“Wow,” I say to Eldest as he swans in the door from school, hair gelled back off face, headphones slung round neck, Che Guevara style military jacket from Camden market, Joy Division t-shirt, faded jeans, Art folder. “Do you have crocodiles of girls
following you down the corridors?”
Maybe this isn’t the sort of thing
mothers should say to their sons? Maybe it’s all a bit Oedipal? but I remember those arty boys in the sixth form. I remember the sixth
form. Feels like yesterday.
Was there ever a better time? Only doing subjects you were really into. Not having to wear school uniform. Not having to worry about being called a swot
because everyone there was one by definition. Having a common room with a kettle. Making Cup-a-Soup. I don’t even think
we liked Cup-a-Soup and we drank gallons of the stuff. And we were allowed out.
There was one pre-Christmas jaunt to the pub about a mile down the road I remember particularly well. Four of us, two boys, two girls; we walked all the way there in
the snow, drank cider, of course, and then staggered and slipped our way back just in
time for double English.
Everything about that memory is white-clear and
crisp as the snow was that day and there was definitely the unmistakable whiff of something in the air. A sexual charge perhaps, the conspiracy of new found freedom maybe, or just being on the edge
of something really... well, edgy.
I was desperate for a boyfriend then. I
think I still fancied Kevin Morris. He never fancied me, of course, especially
after my mother gave me the invaluable top tip that I should smile encouragingly if I liked a boy so that I stood in the corridor - I think this
was in the 5th Year - and grinned inanely at the poor kid as he
strolled past on the way to Chemistry. My cheeks hurt afterwards and he gave me an even
wider berth than before, and we certainly never shared a bunsen burner after that.
Oh well, it all worked out. I hear he works in a bank now. (Not for one.)

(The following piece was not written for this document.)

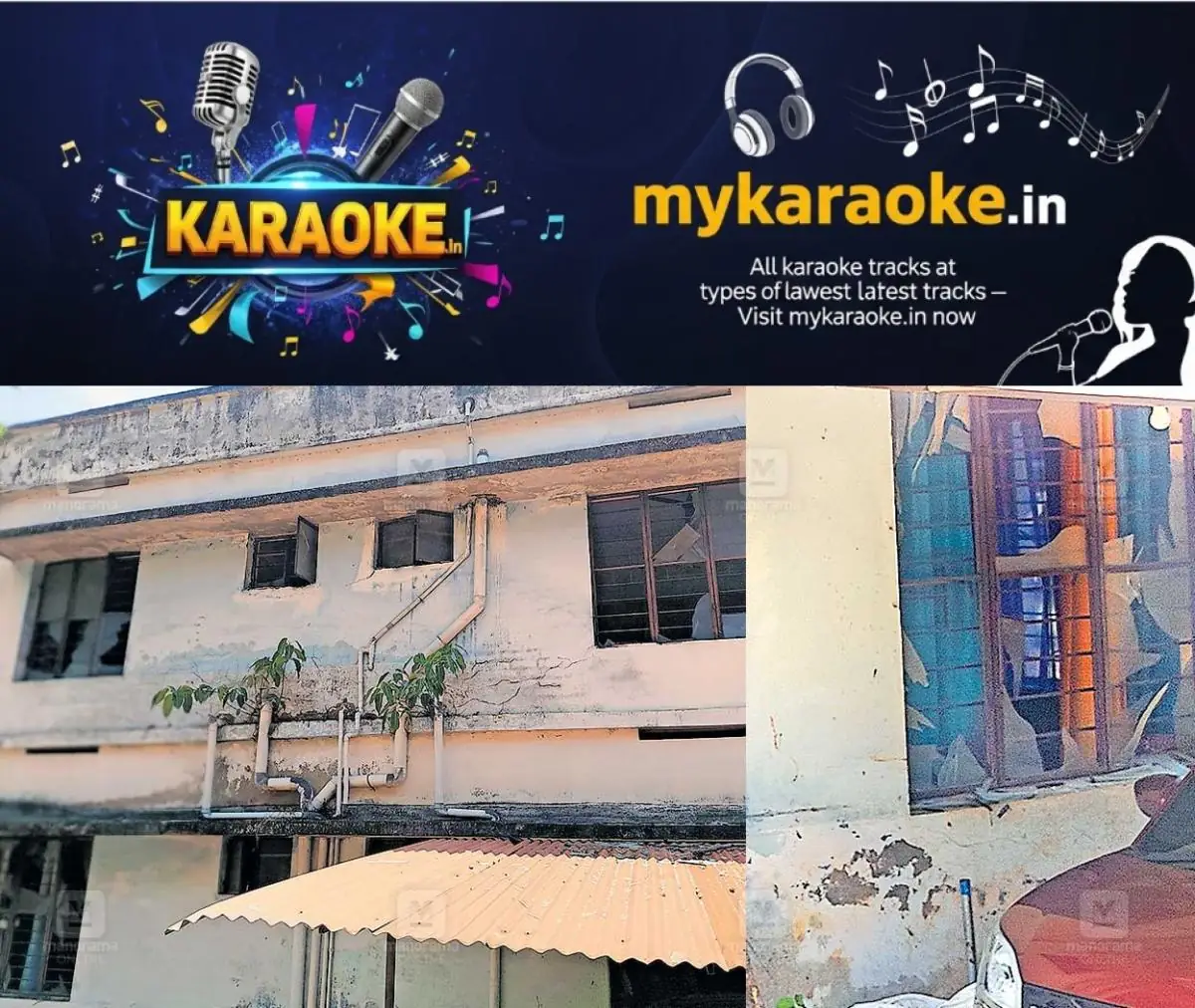 newskerala.net_1775698685_kadakkal-blast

I was too skinny, too spotty and too swotty and then all at once the boobs arrived, I discovered my grandmother’s old sun lamp (cleared the
spots), and Sun In (bleached the hair), and hey presto, struck gold at the very
next Young Farmer's disco when a tall, dark, handsome boy fixed his eyes on me from the edge of the dance floor, watched me all night and then asked me out.
It
was like something out of Tess of the D’Urbervilles - except the country lasses
had perms and leg warmers and wiggled provocatively to Body Talk by Imagination
instead of skipping round a May Pole.
He was home for the weekend from university. Read it: UNIVERSITY. My
very own Angel Clare. And then he walked me to the bus stop where, to use vernacular of the day, we snogged and it was the best night of my life so far. I went out with him for
three years after that. (Ended messily when I went off to university myself, a different one, but that’s another story.) Oh to be in the sixth
form again, to have all that excitement stretching ahead…
It’s hard when you know it's only going to be down hill from here, the doors
of possibility slowly closing one by one, some of them even slamming rather hard, the body gradually crumbling, starting with failing eye sight.
Never again will I dance at a Young Farmer's disco or be admired by a handsome young man from the sidelines. It’s my children’s turn for all that sort of thing now (well, maybe not the young men but you never know and I’d better remain broad minded) and the last time I looked they were babies and I was taking some time off work. How did this happen?
Oh dear, I think Eldest starting in the sixth form has prompted a mid-life crisis. How very predictable.